Depuis le début de la saison extérieure, on a assisté au retour de grands absents de plus ou moins longue date tels que Sangria du Coty, Rahotep de Toscane, Aquila*HDC et tout récemment For Joy van’t Zorgvliet*HDC? Avez-vous déjà prévu la date de leur retour en équipe de France? Ne sauteront-ils pas plutôt sur sable que sur herbe?
Nous comptons évidemment sur ces chevaux, qui présentent une grande expérience et qui ont performé à un très haut niveau il y a plus ou moins longtemps. De toute façon, à ce stade de l’année, il n’est vraiment pas question d’exclure qui que ce soit. Pour obtenir notre qualification pour les Jeux olympiques, je compterai sur l’expérience des cavaliers, mais aussi sur celle des chevaux. Effectivement, pour prendre le minimum de risques, compte tenu de leur âge, nous avons l’intention de les faire évoluer surtout sur sable. Ce n’est un secret de polichinelle pour personne: nous n’avons qu’un seul CSIO sur sable, prévu à Sopot. Si tout va bien, c’est donc là qu’on devrait les retrouver en équipe de France.

Qu’en sera-t-il de Hermès Ryan des Hayettes, brillant vainqueur du Grand Prix du Saut Hermès au Grand Palais? Entre-t-il dans vos plans pour les championnats d’Europe de Rotterdam?
D’abord, je me réjouis vraiment du retour de Simon dans le groupe France, car nous avons besoin d’un compétiteur comme lui pour les défis qui nous attendent. On connaît le choix qui a été fait l’an passé pour Ryan.
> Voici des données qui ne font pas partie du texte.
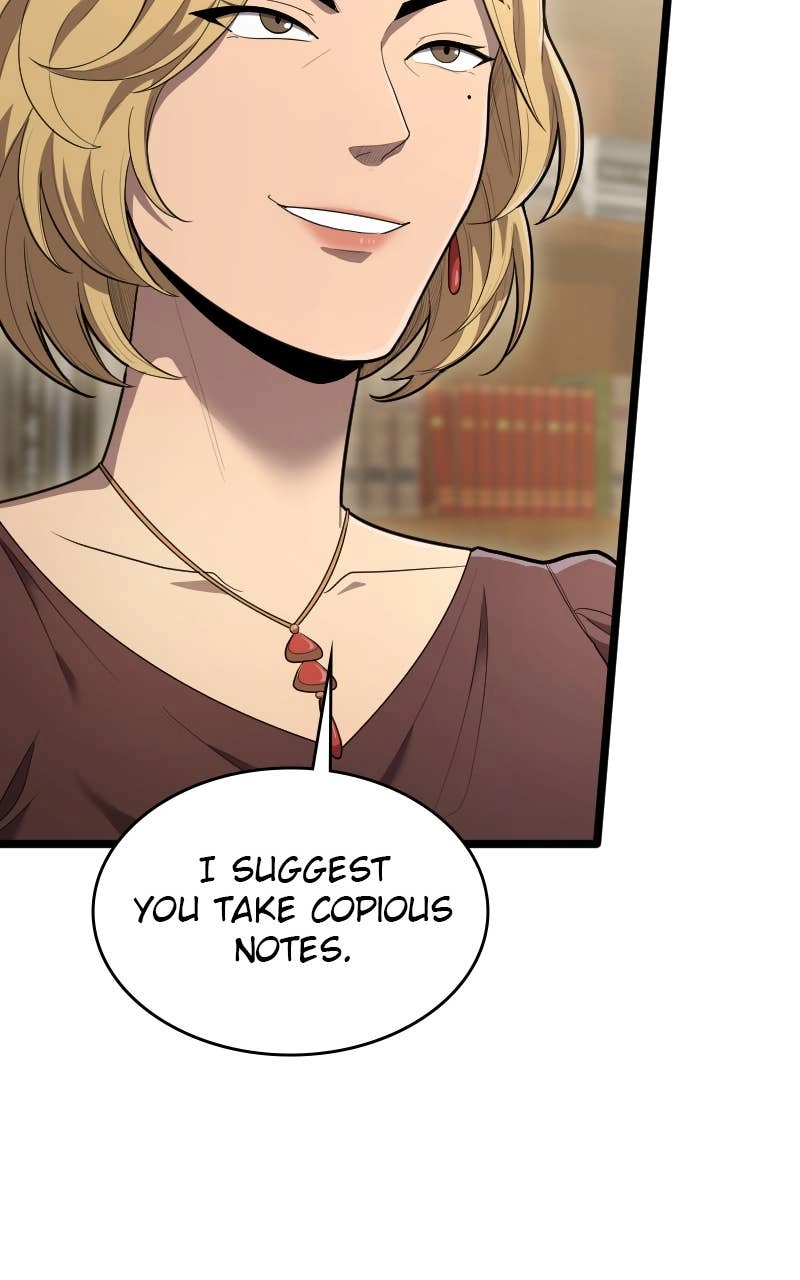 Paranoid Mage Chapter 106 - Page 86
Simon participe aussi à la Global Champions League et organise son piquet en conséquence. Pour l’instant, disons que la priorité est donnée à Uccello, qui me semble être un potentiel cheval d’équipe. Après La Baule, il devrait sauter à Rome. Le terrain et les résultats nous diront si nous sommes bien partis dans la bonne direction.

Pour la première fois depuis 2006, Kevin Staut, indéboulonnable numéro un français, ne montera pas à La Baule, alors qu’il faisait partie de votre liste. Est-ce lié à la récente réorganisation de son piquet de chevaux? Et par qui sera-t-il remplacé?
Oui, la raison se situe là, la décision de se séparer d’une partie de ses chevaux datant de la semaine passée. Cela démunit un peu Kevin, qui a préféré ne pas participer à l’Officiel de France avec des chevaux qu’il ne juge pas encore assez compétitifs. Il a aussi pris des engagements vis-à-vis d’autres concours. Il sera notamment présent au CSIO 5* de Rome, qui est soutenu par Rolex (dont il est un cavalier partenaire, ndlr). Pour autant, Kevin demeure évidemment un élément très important pour l’équipe de France et j’espère le voir rapidement briller avec de nouveaux chevaux.
En attendant, cela fera le bonheur de Mathieu Billot, que j’avais désigné comme premier remplaçant. Quel Filou 13 présente un grand potentiel, mais je voulais laisser le temps à Mathieu de le construire. Les choses sont allées très vite pour eux la saison passée. Je crois beaucoup en eux, mais je voulais redonner de l’oxygène à ce couple. En tout cas, ils auront bien l’occasion de s’exprimer à La Baule.